Cronaca

Rompe una porta del pronto soccorso dell'Ospedale di Pescia: marocchino finisce ai domiciliari

Serata movimentata al pronto soccorso dell'ospedale di Pescia dove un 31enne marocchino, ubriaco, rompe una porta e si scaglia contro i Carabinieri: per ora è ai domiciliari nella sua abitazione di Cascina.

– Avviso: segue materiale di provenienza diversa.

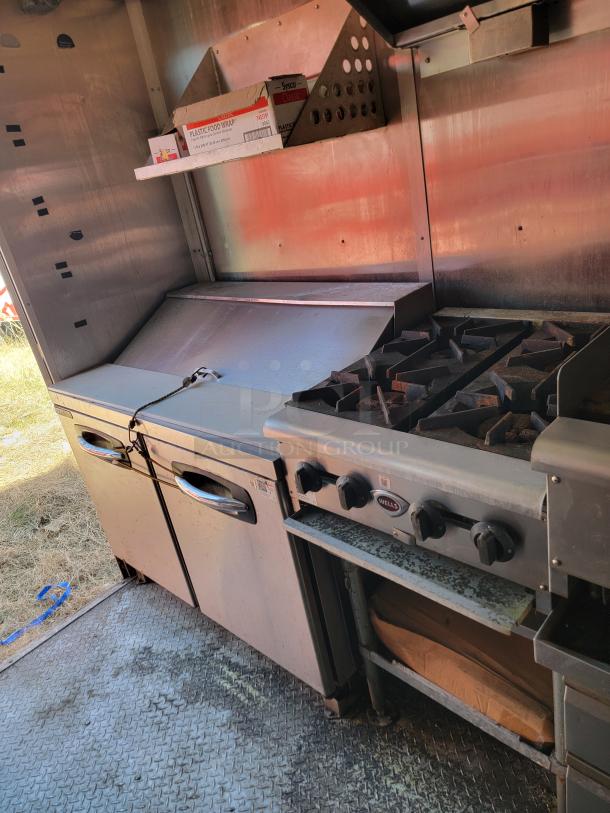Commercial kitchen setup with stainless steel equipment, including a griddle, storage area, and Wells stovetop. Visible signs of use.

Rompe una porta del pronto soccorso dell'Ospedale di Pescia: marocchino finisce ai domiciliari
Cronaca Valdinievole, 16 Dicembre 2019 ore 14:05

Nei guai un 31enne marocchino domiciliato a Cascina, in provincia di Pisa: sabato sera era stato trasportato in ospedale dal 118 perché trovato ubriaco per strada e, una volta all'interno, è andato in escandescenze ed ha rotto una porta del pronto soccorso dell'Ospedale di Pescia oltre a scagliarsi contro i Carabinieri prontamente intervenuti dopo aver ricevuto la chiamata dal personale sanitario in servizio.

Ubriaco al Pronto Soccorso rompe una porta: ai domiciliari

I militari della Stazione Carabinieri di Pescia, sabato sera, hanno tratto in arresto D. H. di anni 31, cittadino marocchino domiciliato a Cascina (PI).

In particolare, l’uomo, era stato trasportato dal 118 presso il pronto soccorso dell’Ospedale perché trovato riverso per strada in stato di ubriachezza. Dopo essere ritornato parzialmente lucido, andava in escandescenza e con un calcio sferrato contro la porta d’ingresso del pronto soccorso mandava in frantumi la vetrata. A quel punto i sanitari richiedevano l’ausilio dei militari della Stazione che, una volta giunti sul posto, cercavano di calmare il giovane, il quale per tutta risposta si scagliava anche contro di loro. L’uomo, pertanto, veniva bloccato e tratto in arresto.

Condotto in caserma, dopo le formalità di rito, veniva sottoposto agli arresti domiciliari nella propria abitazione, in attesa del giudizio di convalida che avverrà domani mattina presso il Tribunale di Pistoia.